(AVAILABLE DATA)

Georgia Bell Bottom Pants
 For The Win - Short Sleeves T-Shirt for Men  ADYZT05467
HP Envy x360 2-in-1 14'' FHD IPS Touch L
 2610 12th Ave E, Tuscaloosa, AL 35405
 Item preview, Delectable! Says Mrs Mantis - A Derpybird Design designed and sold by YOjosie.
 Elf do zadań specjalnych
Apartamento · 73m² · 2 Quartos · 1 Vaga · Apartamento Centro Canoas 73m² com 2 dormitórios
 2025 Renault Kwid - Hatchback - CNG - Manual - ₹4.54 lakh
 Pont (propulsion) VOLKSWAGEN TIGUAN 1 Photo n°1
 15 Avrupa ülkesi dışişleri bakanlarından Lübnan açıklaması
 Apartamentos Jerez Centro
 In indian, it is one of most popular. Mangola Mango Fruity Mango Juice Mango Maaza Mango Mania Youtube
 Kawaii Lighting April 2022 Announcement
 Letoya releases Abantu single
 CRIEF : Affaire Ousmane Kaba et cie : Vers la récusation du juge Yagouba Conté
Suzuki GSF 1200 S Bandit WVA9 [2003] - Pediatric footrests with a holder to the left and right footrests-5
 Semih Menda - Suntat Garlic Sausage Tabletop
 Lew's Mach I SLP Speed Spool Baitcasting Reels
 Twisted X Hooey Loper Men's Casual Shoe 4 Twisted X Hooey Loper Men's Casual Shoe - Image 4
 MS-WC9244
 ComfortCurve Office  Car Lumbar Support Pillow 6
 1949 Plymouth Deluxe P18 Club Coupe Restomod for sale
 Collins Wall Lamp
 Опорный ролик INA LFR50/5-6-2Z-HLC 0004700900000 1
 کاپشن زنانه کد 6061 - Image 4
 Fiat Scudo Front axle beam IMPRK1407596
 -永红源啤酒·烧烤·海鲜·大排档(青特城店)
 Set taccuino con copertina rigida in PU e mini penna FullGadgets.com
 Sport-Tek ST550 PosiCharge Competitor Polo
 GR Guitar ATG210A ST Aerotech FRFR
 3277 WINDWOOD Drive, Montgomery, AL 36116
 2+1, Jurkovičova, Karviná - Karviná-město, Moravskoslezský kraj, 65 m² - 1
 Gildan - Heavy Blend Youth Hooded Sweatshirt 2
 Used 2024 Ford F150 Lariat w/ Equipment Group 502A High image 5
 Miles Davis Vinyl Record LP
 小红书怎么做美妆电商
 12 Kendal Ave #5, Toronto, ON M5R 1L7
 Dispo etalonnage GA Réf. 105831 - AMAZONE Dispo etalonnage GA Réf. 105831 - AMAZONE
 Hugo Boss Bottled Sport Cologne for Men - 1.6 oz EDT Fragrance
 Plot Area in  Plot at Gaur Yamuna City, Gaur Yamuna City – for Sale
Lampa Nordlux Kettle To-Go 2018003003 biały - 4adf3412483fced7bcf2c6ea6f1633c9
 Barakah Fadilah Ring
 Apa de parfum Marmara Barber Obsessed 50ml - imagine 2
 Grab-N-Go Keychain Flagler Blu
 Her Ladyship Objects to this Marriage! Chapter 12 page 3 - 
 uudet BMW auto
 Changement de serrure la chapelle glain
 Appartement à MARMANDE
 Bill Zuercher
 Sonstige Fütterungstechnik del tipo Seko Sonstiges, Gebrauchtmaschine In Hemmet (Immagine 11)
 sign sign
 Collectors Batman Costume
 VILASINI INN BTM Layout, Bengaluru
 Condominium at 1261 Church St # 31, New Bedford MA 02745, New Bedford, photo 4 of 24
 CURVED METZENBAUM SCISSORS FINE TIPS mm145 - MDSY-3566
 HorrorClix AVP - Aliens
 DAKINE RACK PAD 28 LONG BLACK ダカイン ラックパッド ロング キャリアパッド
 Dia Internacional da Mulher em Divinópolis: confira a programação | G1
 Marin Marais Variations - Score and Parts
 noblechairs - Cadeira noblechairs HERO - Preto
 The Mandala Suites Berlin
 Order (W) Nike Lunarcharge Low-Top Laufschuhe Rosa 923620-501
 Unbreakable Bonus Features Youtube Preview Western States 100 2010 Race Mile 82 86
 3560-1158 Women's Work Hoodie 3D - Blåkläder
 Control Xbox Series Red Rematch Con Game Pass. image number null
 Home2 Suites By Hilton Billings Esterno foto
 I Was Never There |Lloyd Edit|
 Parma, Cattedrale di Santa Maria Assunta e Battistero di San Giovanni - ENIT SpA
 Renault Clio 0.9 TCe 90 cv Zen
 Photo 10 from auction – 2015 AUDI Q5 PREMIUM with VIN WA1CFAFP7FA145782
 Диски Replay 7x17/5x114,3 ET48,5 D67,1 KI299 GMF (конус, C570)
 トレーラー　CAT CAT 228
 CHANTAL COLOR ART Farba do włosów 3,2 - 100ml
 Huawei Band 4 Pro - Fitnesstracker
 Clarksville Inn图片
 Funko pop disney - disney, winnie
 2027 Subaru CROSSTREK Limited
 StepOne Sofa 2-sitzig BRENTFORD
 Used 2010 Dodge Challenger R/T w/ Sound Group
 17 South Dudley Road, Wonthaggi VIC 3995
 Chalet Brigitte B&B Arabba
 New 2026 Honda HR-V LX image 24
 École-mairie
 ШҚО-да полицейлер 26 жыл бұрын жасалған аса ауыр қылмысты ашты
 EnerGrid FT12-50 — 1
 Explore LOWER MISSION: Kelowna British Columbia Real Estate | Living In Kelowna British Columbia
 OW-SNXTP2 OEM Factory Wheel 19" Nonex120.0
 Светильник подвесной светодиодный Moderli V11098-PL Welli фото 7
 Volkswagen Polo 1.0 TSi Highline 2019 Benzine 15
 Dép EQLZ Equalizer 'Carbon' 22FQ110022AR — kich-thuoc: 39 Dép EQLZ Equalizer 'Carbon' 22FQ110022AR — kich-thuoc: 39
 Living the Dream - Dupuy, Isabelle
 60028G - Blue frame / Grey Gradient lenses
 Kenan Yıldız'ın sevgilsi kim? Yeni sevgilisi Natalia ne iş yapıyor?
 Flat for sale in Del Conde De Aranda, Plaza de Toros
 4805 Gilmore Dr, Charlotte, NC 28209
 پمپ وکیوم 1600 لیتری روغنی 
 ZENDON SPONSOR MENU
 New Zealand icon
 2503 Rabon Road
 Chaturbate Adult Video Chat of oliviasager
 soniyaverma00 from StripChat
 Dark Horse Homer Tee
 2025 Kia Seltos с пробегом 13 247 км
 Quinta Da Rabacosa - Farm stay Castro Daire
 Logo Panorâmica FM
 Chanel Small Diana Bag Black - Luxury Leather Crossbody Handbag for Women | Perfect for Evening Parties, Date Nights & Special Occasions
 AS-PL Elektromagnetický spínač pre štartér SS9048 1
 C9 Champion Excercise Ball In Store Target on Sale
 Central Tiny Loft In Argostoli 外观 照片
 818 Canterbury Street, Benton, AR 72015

(End AVAILABLE DATA)

#### WORK REQUIRED:
Retype, exactly as written, everything from the first line of the data above through the line containing "In indian, it". Nothing else should appear.

#### THE COMPLETED TASK:
Georgia Bell Bottom Pants
 For The Win - Short Sleeves T-Shirt for Men  ADYZT05467
HP Envy x360 2-in-1 14'' FHD IPS Touch L
 2610 12th Ave E, Tuscaloosa, AL 35405
 Item preview, Delectable! Says Mrs Mantis - A Derpybird Design designed and sold by YOjosie.
 Elf do zadań specjalnych
Apartamento · 73m² · 2 Quartos · 1 Vaga · Apartamento Centro Canoas 73m² com 2 dormitórios
 2025 Renault Kwid - Hatchback - CNG - Manual - ₹4.54 lakh
 Pont (propulsion) VOLKSWAGEN TIGUAN 1 Photo n°1
 15 Avrupa ülkesi dışişleri bakanlarından Lübnan açıklaması
 Apartamentos Jerez Centro
 In indian, it is one of most popular. Mangola Mango Fruity Mango Juice Mango Maaza Mango Mania Youtube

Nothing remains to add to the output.